In order to establish a long term urban research facility Newcastle University is looking to bring together new and existing data that includes the urban climate, air quality, pedestrian and traffic flows as well as hydraulic flows. These new data sources will come from a number of sources, one of which will be a system of new sensors set-up around Newcastle. The particular sensors that are going to be used are waspmotes developed by Libelium, sensor devices specially oriented to developers. They work with different protocols (ZigBee, Bluetooth and GPRS) as well as a variety of frequencies (2.4GHz, 868MHz and 900MHz). More than 50 sensors can be connected with these devices with the measurements and frequency configured manually. The sensors can take a number of readings such as the concentration of different gases, temperature, liquid level, weight, pressure, humidity, luminosity, accelerometer, soil moisture and solar radiation.

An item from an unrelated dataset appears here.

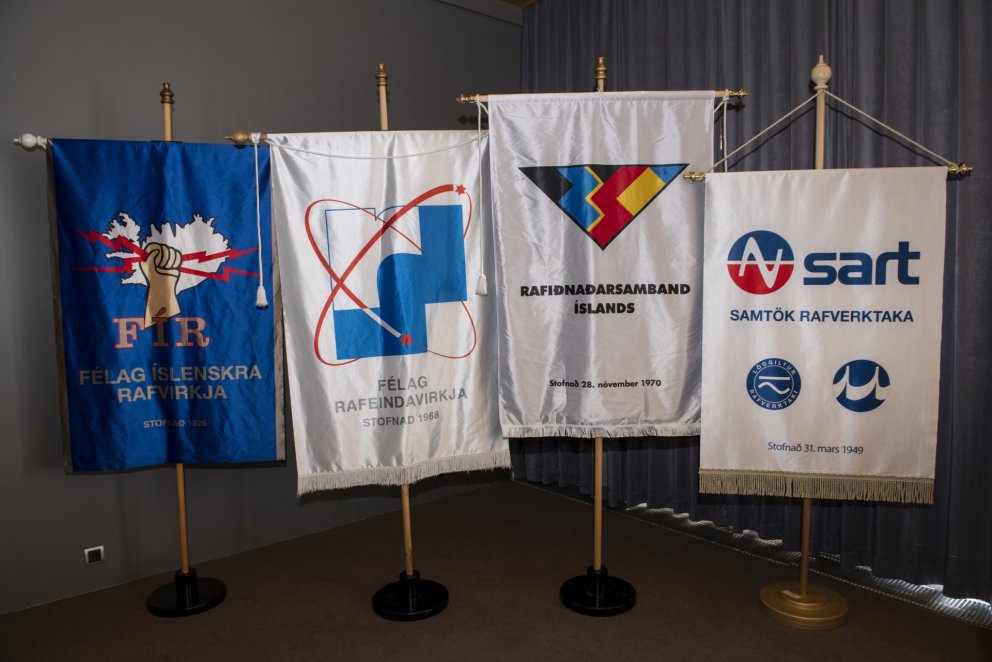 Formleg afhending sveinsbréfa við hátíðlega athöfn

Thus, as part of my role as a research assistant on this project I was sent along to a training course learning how to write the code to configure these devices. The training course took place in Zaragoza, Spain at Libelium HQ.
It consisted of 4 days of demonstrations and exercises getting familiar with the equipment and how to use them. These ranged from getting the waspmote to send “hello world” to a gateway (a USB device that receives messages and prints them to the screen) all the way through to sensing nearby Bluetooth devices then sending these to a database. We were also taught “clever” uses of the sensors like using the internal accelerometer to detect whether the device had fallen or was being stolen (attach a GPS and a SIM card and you can get it to text you the thief’s location!).
At the end of the training course we were shown their next generation of sensors; the Plug and Sense. These require very little development work as the devices come already mounted in a box and the user just has to attach the relevant sensor probe and then use the code generator to set the recordings taken and frequency at which they are taken.
Since returning I have started to develop a weather station using a waspmote, an agriculture board and weather sensors such as a rain gauge, an anemometer and a temperature gauge.
My cluttered desk whilst developing the weather station
Despite initial setbacks, like recording monsoon like conditions whilst inside, I was able to get it set up and feeding into a postgres database. From this, I set-up a simple webmap using the database along with django to display the location of the sensor and the data feed.
The first version of web map and data feed
The aim is now to develop more sensors and deploy these in more meaningful places (not everybody just wants to know the temperature in my office) around the University campus and wider city.